● **Prompt**
Drop every picture, then print the rest of the listing exactly as given.

● **Data excerpt**

=== Begin Enclosure ===

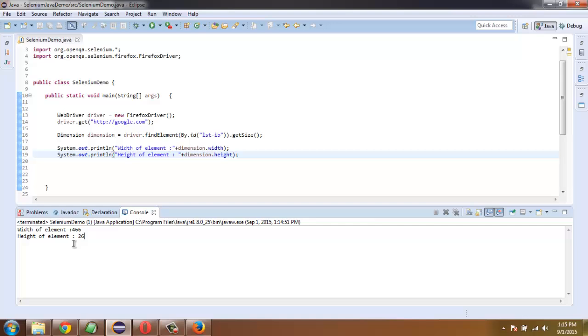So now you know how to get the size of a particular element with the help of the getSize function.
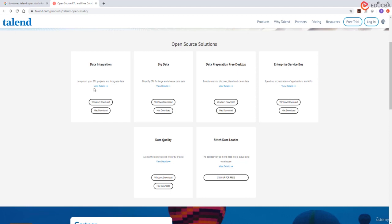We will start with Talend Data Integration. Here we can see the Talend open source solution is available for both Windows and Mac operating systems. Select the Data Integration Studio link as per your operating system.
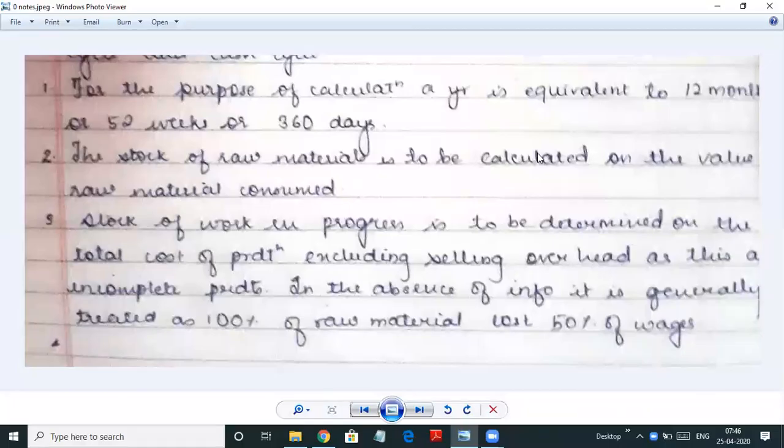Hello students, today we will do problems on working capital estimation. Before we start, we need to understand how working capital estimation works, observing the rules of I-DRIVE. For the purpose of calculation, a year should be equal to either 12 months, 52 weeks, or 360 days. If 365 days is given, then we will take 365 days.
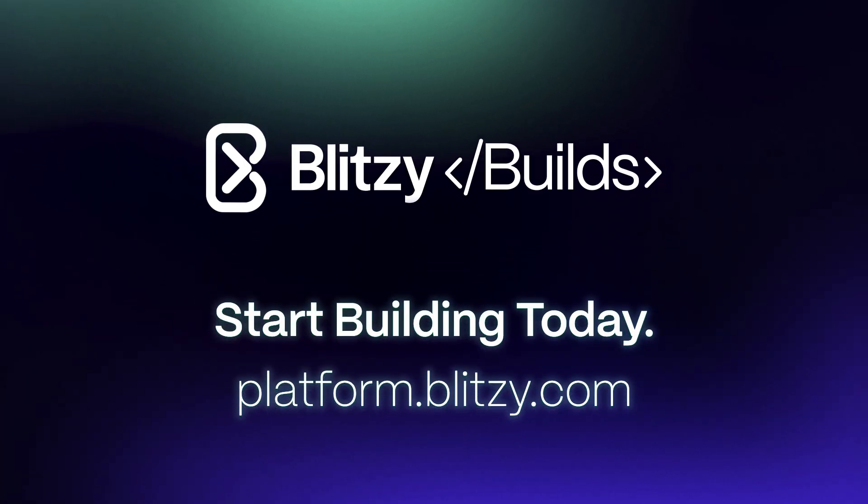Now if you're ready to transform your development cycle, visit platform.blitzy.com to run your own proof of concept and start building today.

=== End Enclosure ===

● **Reply**
So now you know how to get the size of a particular element with the help of the getSize function.
We will start with Talend Data Integration. Here we can see the Talend open source solution is available for both Windows and Mac operating systems. Select the Data Integration Studio link as per your operating system.
Hello students, today we will do problems on working capital estimation. Before we start, we need to understand how working capital estimation works, observing the rules of I-DRIVE. For the purpose of calculation, a year should be equal to either 12 months, 52 weeks, or 360 days. If 365 days is given, then we will take 365 days.
Now if you're ready to transform your development cycle, visit platform.blitzy.com to run your own proof of concept and start building today.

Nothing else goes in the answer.